No hay duda ninguna de que un rasgo característico de la religión mesoamericana y en particular de sus expresiones artísticas es la frecuente alusión a la muerte. Quizá no haya otra civilización de la historia ni otro repertorio artístico en el cual las imágenes de la muerte, la presencia de cráneos, fémures, tibias, mandíbulas, así como vísceras, sea tan abundante. Este fenómeno tiene que ver por lo menos con dos hechos distintos: por una parte se trata de una civilización agrícola, de pensamiento dualista, donde se reitera continuamente la necesidad de la muerte para la vida, la complementariedad muerte/vida: las cosas vivas mueren, y hay un mundo de los muertos, abajo, en el cual esas cosas, fragmentadas en sustancias y esencias, retornan para formar nuevas vida.
Por otra parte, en Mesoamérica, desde sus orígenes, se practicó el sacrificio humano, y los despojos del sacrificio eran visibles y tenían un lugar entre las ofrendas, en los altares, y en las recreaciones plásticas de esos actos sacrificiales. Sin embargo, las imágenes de seres descarnados y de huesos no tuvieron siempre la misma importancia dentro del repertorio artístico. Aparecen en Teotihuacán, por ejemplo, pero no son todavía predominantes.
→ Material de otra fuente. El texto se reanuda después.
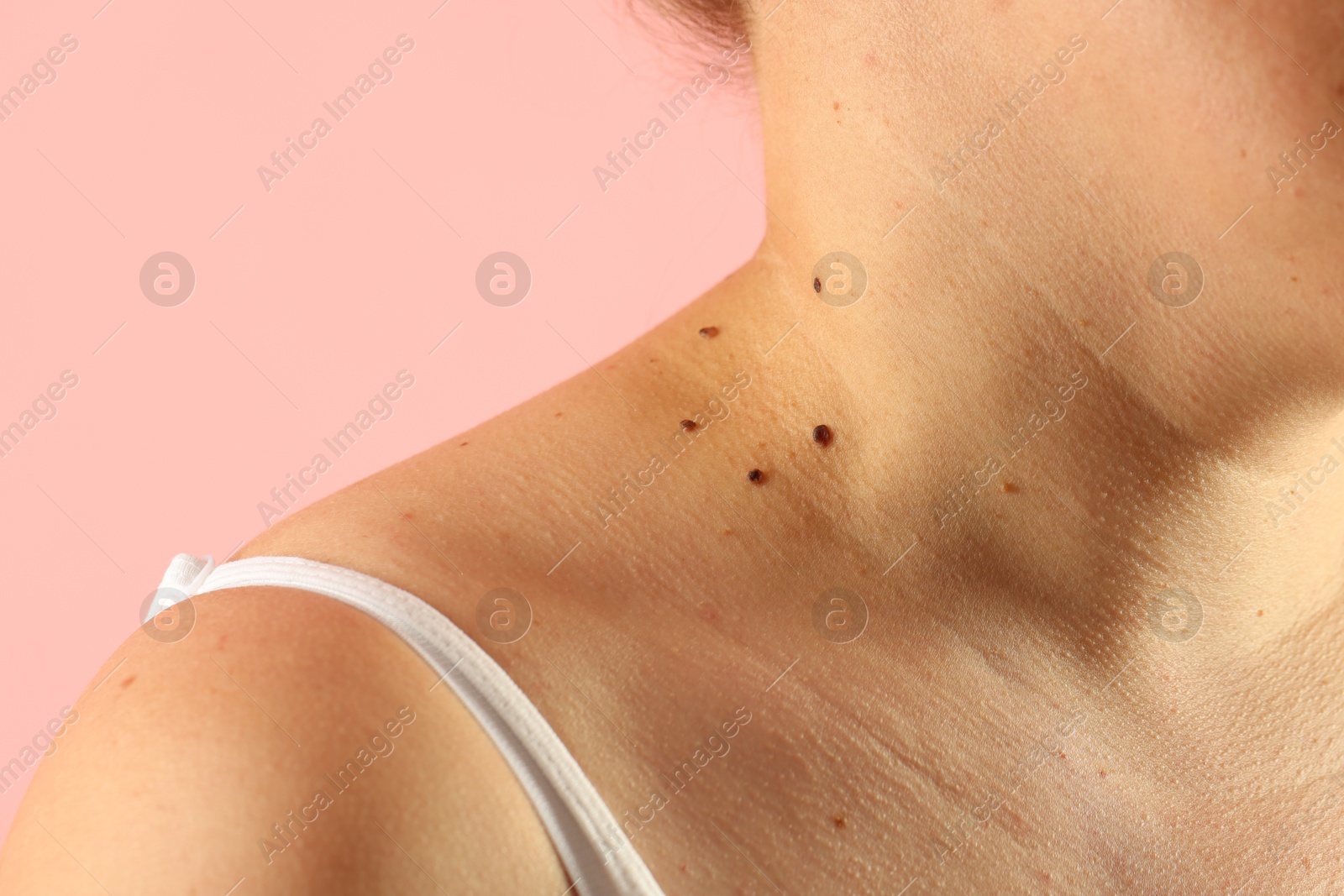 Woman with moles on her skin against pink background, closeup Photo of Woman with moles on her skin against pink background, closeup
Es en el Clásico tardío o Epiclásico (600-900 d.C.) en la cultura de El Tajín, de modo sobresaliente, cuando el sacrificio, la extracción del corazón y los personajes y restos descarnados empiezan a ser más frecuentes y a situarse en lugares más visibles.
En el Posclásico tardío (1200-1521 d.C.) el tema del sacrificio, las alusiones a Mictlantecuhtli, Señor del mundo de los muertos, y las imágenes de huesos y esqueletos invaden la escultura, la pintura y la cerámica. En especial en la Meseta central, en el valle de México, en el valle de Puebla-Tlaxcala, la cultura sacrificial y la referencia a la muerte se vuelven predominantes. Es probable que la fragmentación política y la presencia constante de la guerra expliquen el énfasis en la cultura sacrificial: la iconografía de lo militar se vuelve más protagónica y lo mismo ocurre con la iconografía de la muerte.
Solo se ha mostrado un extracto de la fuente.